O primeiro núcleo da mostra é voltado a símbolos do movimento. No trabalho "Butch Heroes", de Ria Brodell, três mulheres lésbicas que viveram em séculos passados são representadas em três pinturas pequenas e delicadas. Xica Manicongo —a primeira travesti de que se tem registro no Brasil, tirada forçosamente do Congo pelos colonizadores portugueses— virou uma escultura abstrata pelas mãos da paraense Rafa Bqueer, enquanto Rodolpho Parigi faz uma versão do "Abaporu", de Tersila do Amaral, usando botas de látex e a calcinha nos joelhos.
Uma pintura de Roberta Close feita por Adir Sodré, de 1985, anuncia outro núcleo da mostra, dedicada ao sexo. Close foi a primeira modelo trans a pousar nua para a revista Playboy, mas sem mostrar a genitália. Na tela, ela aparece com um pênis fantasiado, colorido e alado —uma provocação à fetichização de pessoas trans.
As obras que abordam o desejo, aliás, não escondem as tensões que o envolvem. A série de pequenas pinturas "Vagalumes", de Adriel Visoto, mostram o interior de uma boate gay, e "O Freddy", foto do colombiano Miguel Rojas, flagra um homem dentro de um cinema pornô. Ambos evidenciam como homens gays vivem sua sexualidade na penumbra de locais públicos, como bares e parques, no limiar do que é socialmente aceito.
Enquanto isso, o sexo aparece sempre de forma contida em obras de lésbicas, que temem o assédio e, ao mesmo tempo, são relegadas a um espaço de não existência.
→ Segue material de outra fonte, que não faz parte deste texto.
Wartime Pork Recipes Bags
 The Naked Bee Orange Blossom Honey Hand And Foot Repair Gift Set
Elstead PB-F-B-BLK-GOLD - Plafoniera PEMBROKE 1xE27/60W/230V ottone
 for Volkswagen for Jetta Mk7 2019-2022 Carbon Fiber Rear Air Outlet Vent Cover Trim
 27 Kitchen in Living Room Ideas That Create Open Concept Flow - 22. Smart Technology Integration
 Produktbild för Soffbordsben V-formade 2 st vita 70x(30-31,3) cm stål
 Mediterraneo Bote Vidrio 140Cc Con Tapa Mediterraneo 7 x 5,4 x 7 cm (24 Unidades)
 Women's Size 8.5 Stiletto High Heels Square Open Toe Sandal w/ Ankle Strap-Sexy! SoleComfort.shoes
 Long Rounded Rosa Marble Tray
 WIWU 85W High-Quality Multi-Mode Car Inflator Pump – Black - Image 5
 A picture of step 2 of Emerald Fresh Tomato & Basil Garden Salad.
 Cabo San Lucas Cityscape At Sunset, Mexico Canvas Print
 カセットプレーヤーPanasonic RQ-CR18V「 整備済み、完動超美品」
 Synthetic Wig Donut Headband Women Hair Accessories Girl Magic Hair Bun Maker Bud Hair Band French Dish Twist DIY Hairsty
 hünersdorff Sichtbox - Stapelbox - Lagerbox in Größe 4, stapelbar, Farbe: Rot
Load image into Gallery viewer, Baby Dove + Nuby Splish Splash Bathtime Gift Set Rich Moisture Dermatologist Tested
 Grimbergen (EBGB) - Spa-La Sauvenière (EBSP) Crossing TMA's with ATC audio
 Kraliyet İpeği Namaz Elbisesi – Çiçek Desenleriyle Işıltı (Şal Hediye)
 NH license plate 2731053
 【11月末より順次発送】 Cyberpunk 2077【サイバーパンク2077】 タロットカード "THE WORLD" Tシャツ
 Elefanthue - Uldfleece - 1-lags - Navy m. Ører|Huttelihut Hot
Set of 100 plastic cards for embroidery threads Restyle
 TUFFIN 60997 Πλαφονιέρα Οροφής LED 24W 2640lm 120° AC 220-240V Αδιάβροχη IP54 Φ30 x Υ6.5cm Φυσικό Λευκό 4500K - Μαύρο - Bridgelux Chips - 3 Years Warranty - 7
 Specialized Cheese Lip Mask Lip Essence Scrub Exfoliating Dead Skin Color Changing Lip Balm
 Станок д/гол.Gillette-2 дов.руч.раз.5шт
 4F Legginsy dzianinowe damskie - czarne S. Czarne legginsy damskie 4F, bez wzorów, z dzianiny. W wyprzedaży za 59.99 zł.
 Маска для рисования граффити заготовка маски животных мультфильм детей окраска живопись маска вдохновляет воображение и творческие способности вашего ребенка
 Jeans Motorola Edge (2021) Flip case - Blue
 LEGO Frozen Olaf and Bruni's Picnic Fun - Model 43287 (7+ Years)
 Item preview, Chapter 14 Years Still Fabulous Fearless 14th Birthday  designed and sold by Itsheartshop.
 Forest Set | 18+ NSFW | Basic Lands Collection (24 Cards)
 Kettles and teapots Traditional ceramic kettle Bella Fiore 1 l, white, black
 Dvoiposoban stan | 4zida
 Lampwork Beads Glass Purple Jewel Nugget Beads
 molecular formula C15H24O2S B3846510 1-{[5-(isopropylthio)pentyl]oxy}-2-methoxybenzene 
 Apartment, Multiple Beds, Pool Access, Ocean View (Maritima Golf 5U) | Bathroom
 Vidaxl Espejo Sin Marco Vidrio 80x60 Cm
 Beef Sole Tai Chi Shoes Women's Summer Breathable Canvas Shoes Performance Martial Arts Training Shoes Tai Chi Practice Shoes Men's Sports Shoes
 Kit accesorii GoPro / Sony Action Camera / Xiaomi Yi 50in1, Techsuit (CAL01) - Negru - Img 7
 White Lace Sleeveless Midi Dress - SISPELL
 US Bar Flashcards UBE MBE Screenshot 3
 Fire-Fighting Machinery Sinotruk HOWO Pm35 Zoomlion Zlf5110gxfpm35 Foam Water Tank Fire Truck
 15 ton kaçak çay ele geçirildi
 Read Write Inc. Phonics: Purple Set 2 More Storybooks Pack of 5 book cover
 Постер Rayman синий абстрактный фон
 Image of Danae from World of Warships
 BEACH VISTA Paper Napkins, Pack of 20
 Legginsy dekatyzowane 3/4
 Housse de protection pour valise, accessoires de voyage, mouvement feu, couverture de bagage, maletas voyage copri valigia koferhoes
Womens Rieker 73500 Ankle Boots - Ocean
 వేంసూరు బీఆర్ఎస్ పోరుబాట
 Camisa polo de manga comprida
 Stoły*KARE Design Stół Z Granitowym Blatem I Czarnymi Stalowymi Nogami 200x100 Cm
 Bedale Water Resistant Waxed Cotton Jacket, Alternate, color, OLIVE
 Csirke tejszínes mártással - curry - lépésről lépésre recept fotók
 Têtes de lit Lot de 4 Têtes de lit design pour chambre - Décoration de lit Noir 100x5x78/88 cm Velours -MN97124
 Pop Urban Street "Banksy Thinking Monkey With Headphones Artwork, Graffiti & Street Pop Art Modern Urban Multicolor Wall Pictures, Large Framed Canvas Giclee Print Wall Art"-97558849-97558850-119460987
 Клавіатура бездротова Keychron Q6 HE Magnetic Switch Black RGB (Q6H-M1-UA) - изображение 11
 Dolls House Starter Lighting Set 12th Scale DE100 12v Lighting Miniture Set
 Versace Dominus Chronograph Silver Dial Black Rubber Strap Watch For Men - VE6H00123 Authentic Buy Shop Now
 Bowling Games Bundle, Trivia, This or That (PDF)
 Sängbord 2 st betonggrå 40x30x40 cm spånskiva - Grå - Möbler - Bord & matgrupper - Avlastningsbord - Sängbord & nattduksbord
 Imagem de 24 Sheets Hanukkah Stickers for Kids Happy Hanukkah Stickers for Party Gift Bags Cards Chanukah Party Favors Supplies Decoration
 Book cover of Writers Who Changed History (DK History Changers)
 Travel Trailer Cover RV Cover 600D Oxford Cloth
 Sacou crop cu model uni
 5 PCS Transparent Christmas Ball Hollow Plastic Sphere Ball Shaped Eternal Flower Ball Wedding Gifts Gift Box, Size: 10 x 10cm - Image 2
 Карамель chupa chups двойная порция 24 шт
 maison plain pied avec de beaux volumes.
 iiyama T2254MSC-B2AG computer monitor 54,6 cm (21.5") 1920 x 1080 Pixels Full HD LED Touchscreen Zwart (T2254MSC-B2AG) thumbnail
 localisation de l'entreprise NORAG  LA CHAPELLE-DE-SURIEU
É o caso de "Lesbian Beds", da americana Tammy Rae Carland, uma série de fotografias de camas com lençóis bagunçados que sugerem que algo aconteceu ali.
Já Teresa Margolles fotografou mulheres trans entre as ruínas de um antigo bairro de prostituição para denunciar a hipersexualização e, ao mesmo tempo, a marginalização de travestis. "Sabemos que o Brasil é o país que mais consome pornografia trans e também o que mais mata essas pessoas", diz Muniz, o curador.
Na sala dedicada ao amor, aparecem os retratos de mulheres negras apaixonadas em séculos passados, gerados com inteligência artificial por Mayara Ferrão, e fotos de Zanele Muholi, que mostram duas mulheres nuas dormindo abraçadas.
Já o paquistanês Salman Toor expõe uma pintura que parece dar uma piscadela para as cenas cotidianas do impressionista francês Pierre-Auguste Renoir. Sua tela esverdeada e esfumaçada dá a sensação de embriaguez, enquanto mostra homens que trocam sussurros em público.
A montagem de "Histórias LGBTQIA+" levou também à compra de novas obras para o acervo do Masp. É o caso de "Wall", do chinês Xiyadie, de 1963, adquirido pelo curador chefe do museu, Adriano Pedrosa, durante a montagem da última Bienal de Veneza. Na tela, figuras homoeróticas são feitas com papel recortado, tradição manual ornamental e conservadora.
"Alibã Vuduzento Aquenda Forte", enorme placa de madeira recortada e colorida, de Assume Vivid Astro Focus, pseudônimo do brasileiro Eli Sudbrack, também foi comprada e está exposta em um cavalete de vidro de Lina Bo Bardi, na seção de acervo do museu.